▶ Task requirements
Print, word for word, the line containing "BMW 5 F10 F11 Starter motor 8570383" and all lines beneath it to the end of the entries below. Pictures do not belong in the copy.

(Pictures with short captions)
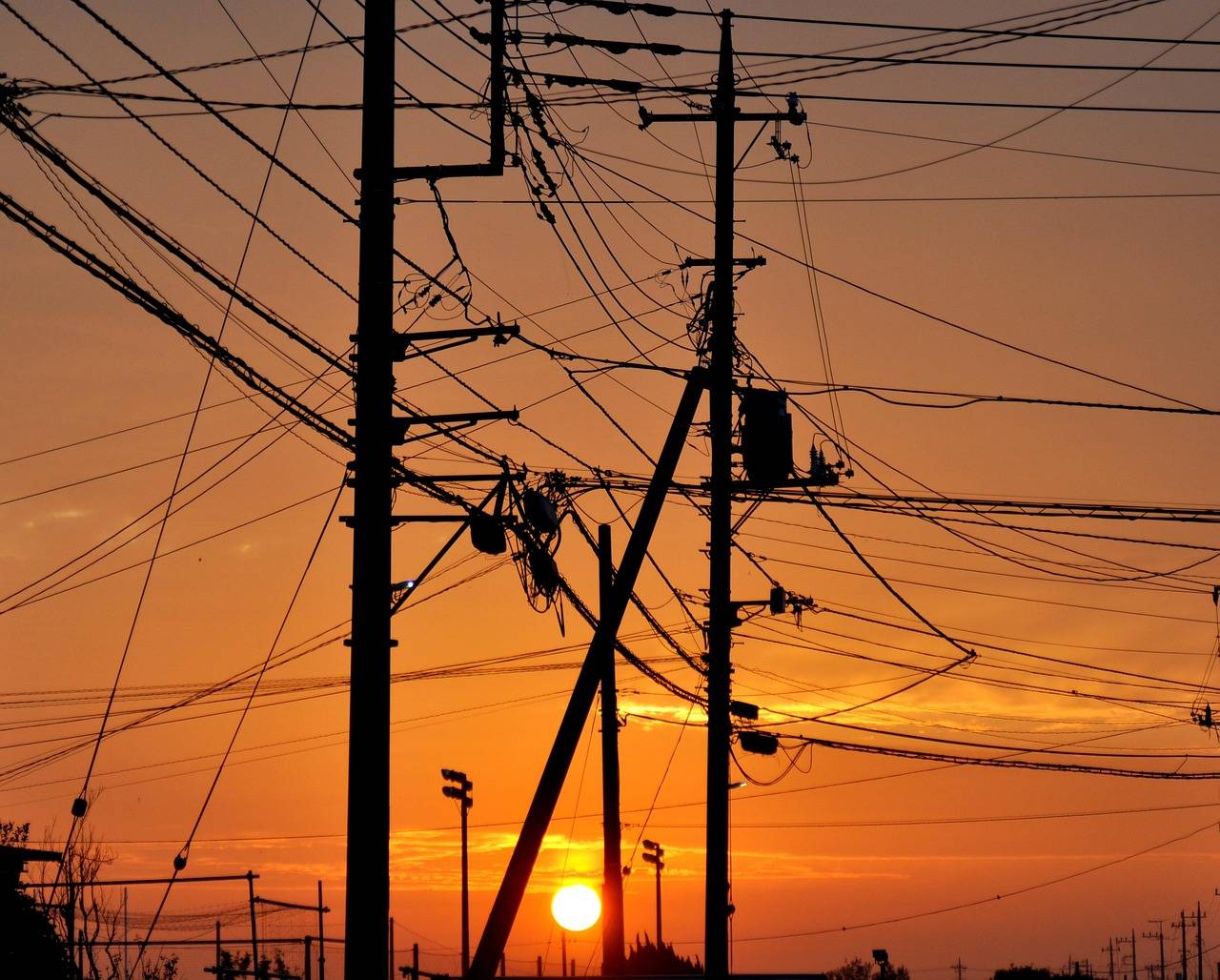 Instalacja elektryczna jak zrobić samemu bezpiecznie i skutecznie?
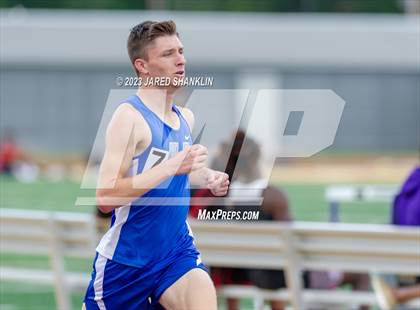 Thumbnail 2 in LHSAA Region 3-5A(Regional Track Meet) photogallery.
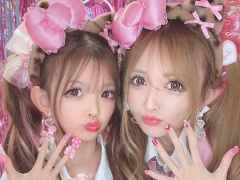 親子でギャル！　『姉ageha』モデル、“小学生ギャル”の娘を初披露　「姉妹ですか？」「想像以上に可愛い」(ねとらぼ)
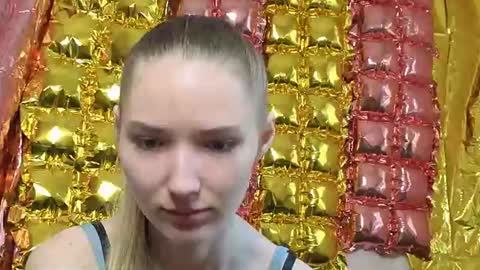 Snapshot of _kikiclark_ chatting on 06/15/26, 08:38 _kikiclark_ online show from 06/15/26, 08:38
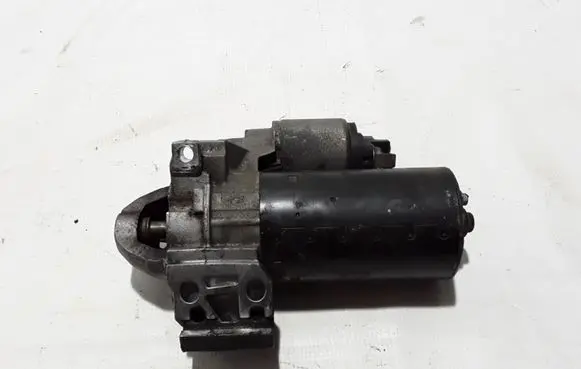 BMW 5 F10 F11 Starter motor 8570383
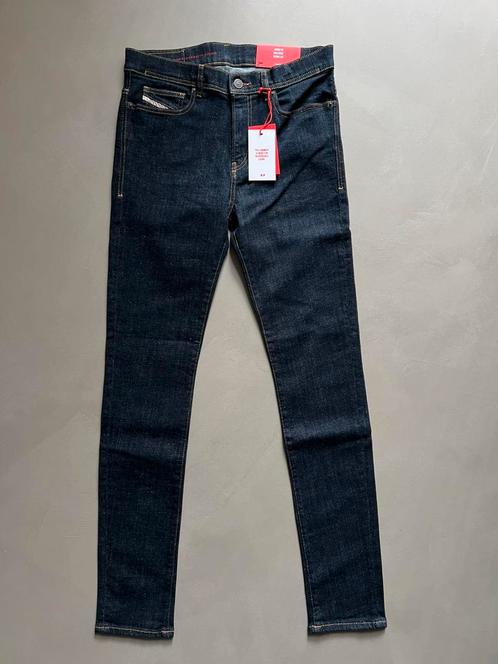 NIEUW! Diesel W29-L32, model 1983, heren spijkerbroek., Kleding | Heren, Spijkerbroeken en Jeans, Nieuw, W32 (confectie 46) of kleiner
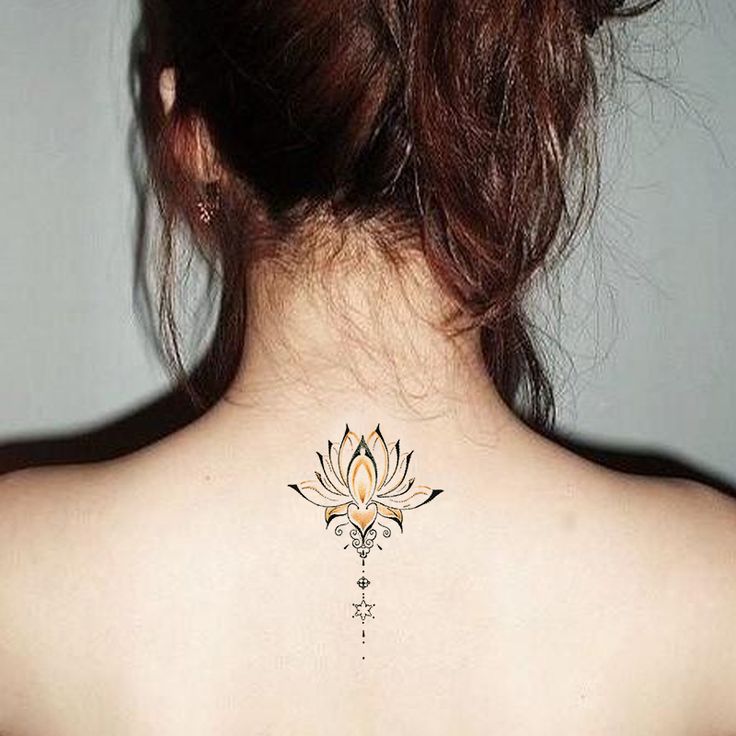 tatouage fleur thai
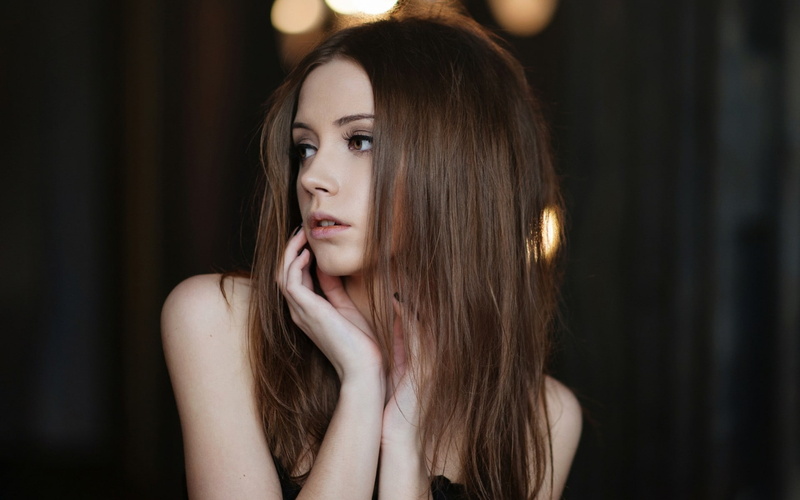 Skinny, portrait, Depth Of Field, Bare Shoulders, face, 1080P, Long Hair, model, bokeh, Brown Eyes, Open Mouth, Xenia Kokoreva, brunette, Looking Away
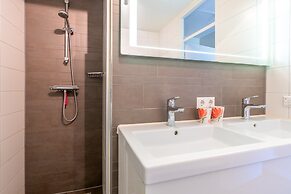 4-person Apartment With Island View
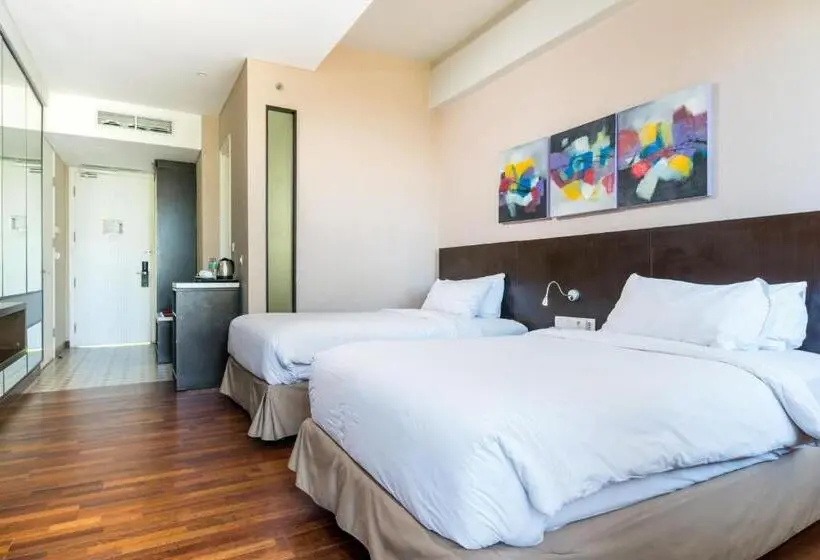バルコニー付きデラックスルーム, Amartahills Hotel And Resort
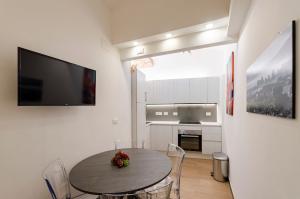 JOIVY Ideal Flat near Aquarium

▶ Written reply
 BMW 5 F10 F11 Starter motor 8570383
 NIEUW! Diesel W29-L32, model 1983, heren spijkerbroek., Kleding | Heren, Spijkerbroeken en Jeans, Nieuw, W32 (confectie 46) of kleiner
 tatouage fleur thai
 Skinny, portrait, Depth Of Field, Bare Shoulders, face, 1080P, Long Hair, model, bokeh, Brown Eyes, Open Mouth, Xenia Kokoreva, brunette, Looking Away
 4-person Apartment With Island View
バルコニー付きデラックスルーム, Amartahills Hotel And Resort
 JOIVY Ideal Flat near Aquarium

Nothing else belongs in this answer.